Penelitian ini melalui dua tahapan. (1) peneliti mendiskripsikan potret proses formulasi kebijakan DOB selama ini; Institusi dan kualitas proses. Peneliti melakukan participant observation, wawancara dengan anggota Komisi II dan pejabat pemerintahan. Descriptive research dimaksudkan untuk mengeksplorasi dan klarifikasi pentingnya democratic governance bagi proses kebijakan pembentukan DOB.(2) membangun model proses formulasi kebijakan pembentukan DOB. Peneliti melakukan pengumpulan data primer dengan mewawancara sekitar 40 (empat puluh) orang informan; melakukan Focus Group Discussion dan seminar. Untuk data sekunder dianalisis berbagai jenis referensi sebagai strategi untuk memperoleh gambaran yang utuh dan menyeluruh tentang proses formulasi kebijakan pembentukan DOB dalam perspektif democratic governance. Hasil penelitian ini diharapkan obyektif, terstruktur, mendalam, faktual dan bermanfaat bagi ilmu pengetahuan.
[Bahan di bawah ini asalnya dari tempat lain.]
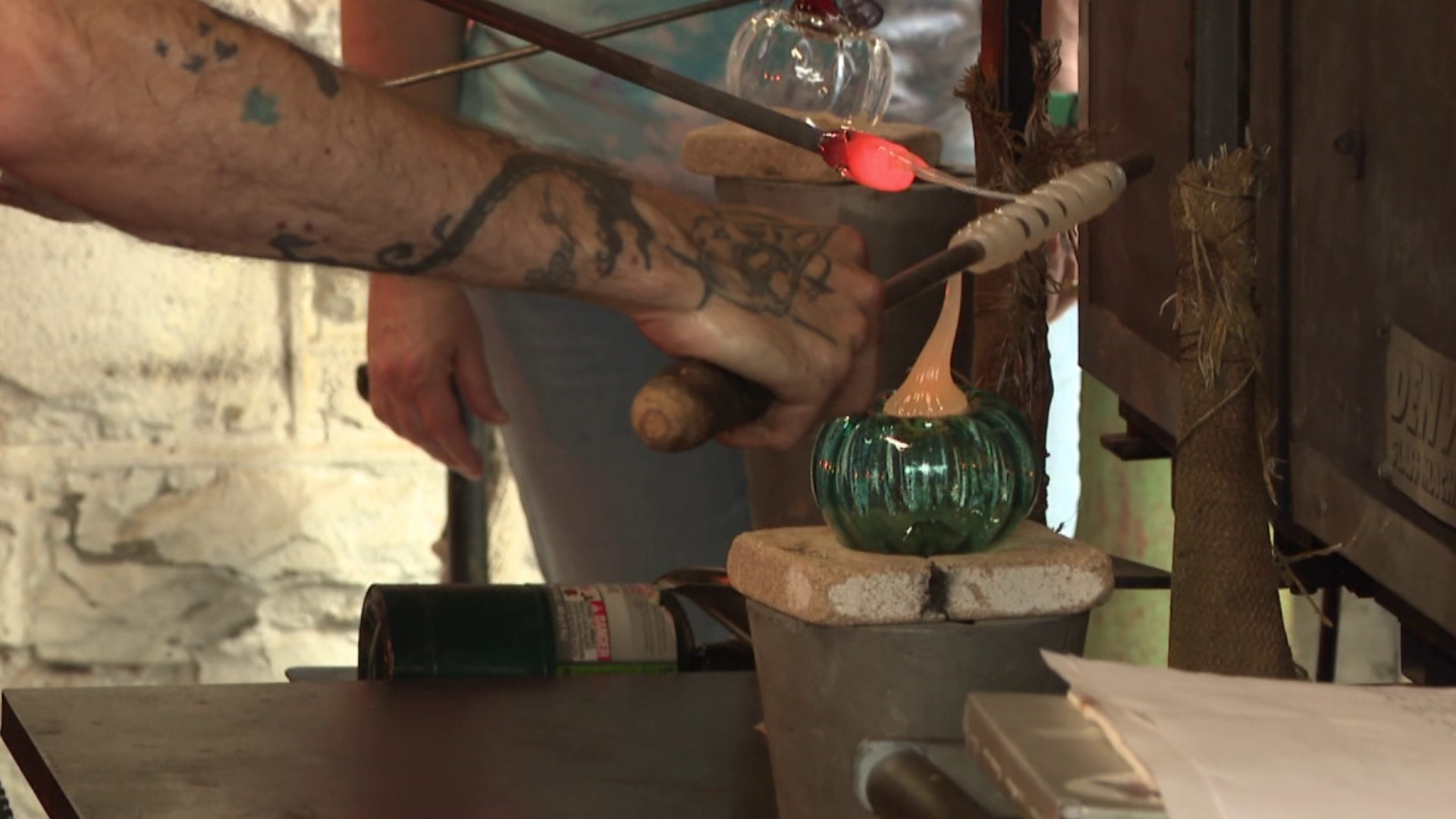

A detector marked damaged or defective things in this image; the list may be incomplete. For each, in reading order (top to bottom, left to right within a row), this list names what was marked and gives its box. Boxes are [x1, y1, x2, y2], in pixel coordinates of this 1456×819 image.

rusty metal panel [1077, 0, 1188, 434]
rusty metal panel [1292, 0, 1456, 632]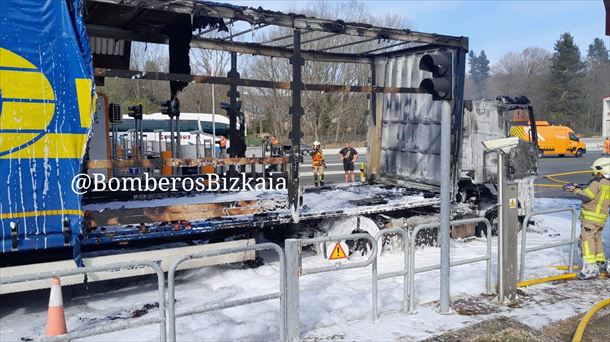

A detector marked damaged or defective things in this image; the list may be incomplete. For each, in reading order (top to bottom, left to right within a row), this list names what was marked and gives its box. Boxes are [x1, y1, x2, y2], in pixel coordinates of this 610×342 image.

burned truck [0, 0, 532, 294]
charred metal frame [84, 0, 466, 214]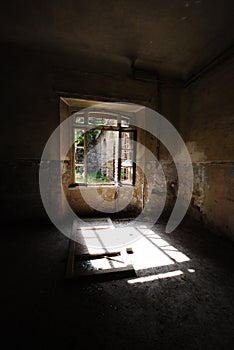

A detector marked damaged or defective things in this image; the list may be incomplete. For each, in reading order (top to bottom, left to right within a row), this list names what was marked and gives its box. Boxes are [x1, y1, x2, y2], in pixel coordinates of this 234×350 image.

broken window frame [71, 111, 137, 187]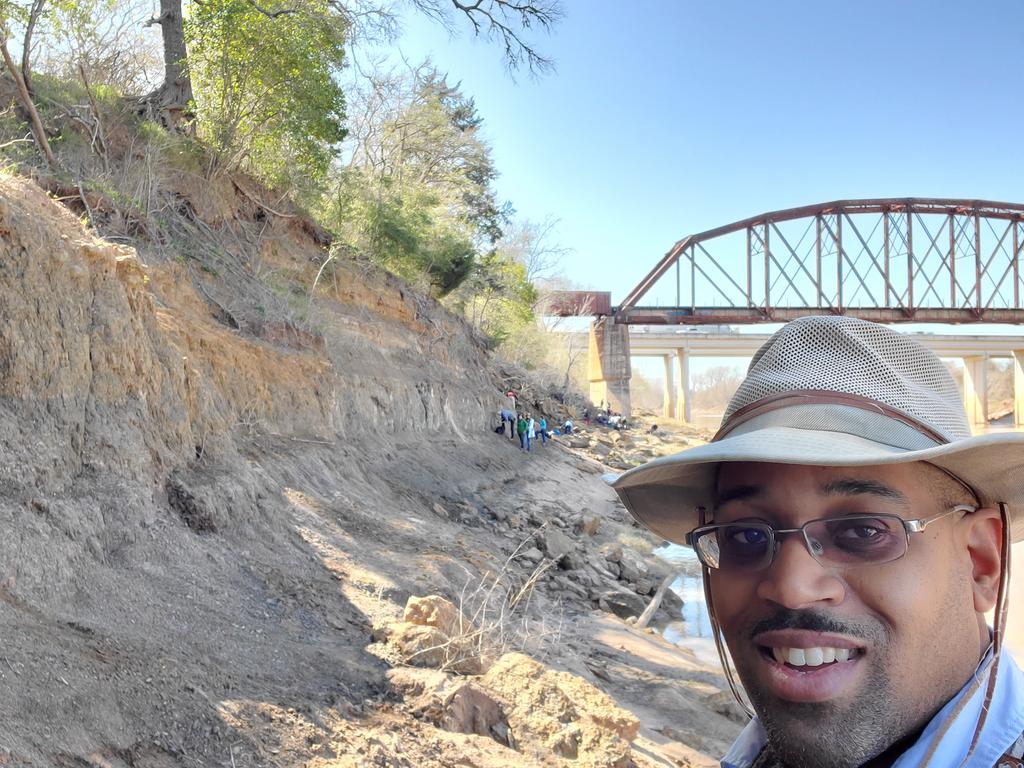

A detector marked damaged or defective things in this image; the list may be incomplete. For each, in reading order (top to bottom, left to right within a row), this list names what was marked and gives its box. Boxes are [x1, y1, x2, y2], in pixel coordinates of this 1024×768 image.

Hasil penelitian tahap pertama dan kedua disampaikan sebagai berikut: Secara praktis proses formulasi kebijakan merupakan tahapan penting dan strategis dalam proses kebijakan secara keseluruhan. DPR dan Pemerintah berperan penting dalam proses ini, yang akhirnya menghasilkan kebijakan pembentukan DOB.
1) Mengenai Faktor-faktor pendorong usulan pembentukan DOB pada umumnya terkait masalah Administrasi dan Finansial, mengingat luasnya wilayah, penduduk yang menyebar, ketertinggalan pembangunan dan infrastruktur, masalah financial ini merupakan faktor yang cukup signifikan dan menentukan bagi DOB untuk survive. Umumnya daerah mengandalkan transfer dana dari pusat dan daerah merasa memiliki kekayaan alam yang cukup. Political: inisiatif usulan pembentukan DOB tidak hanya dari masyarakat, tetapi juga dari elit yang lebih cenderung kepada tujuan bagi kepentingan politik.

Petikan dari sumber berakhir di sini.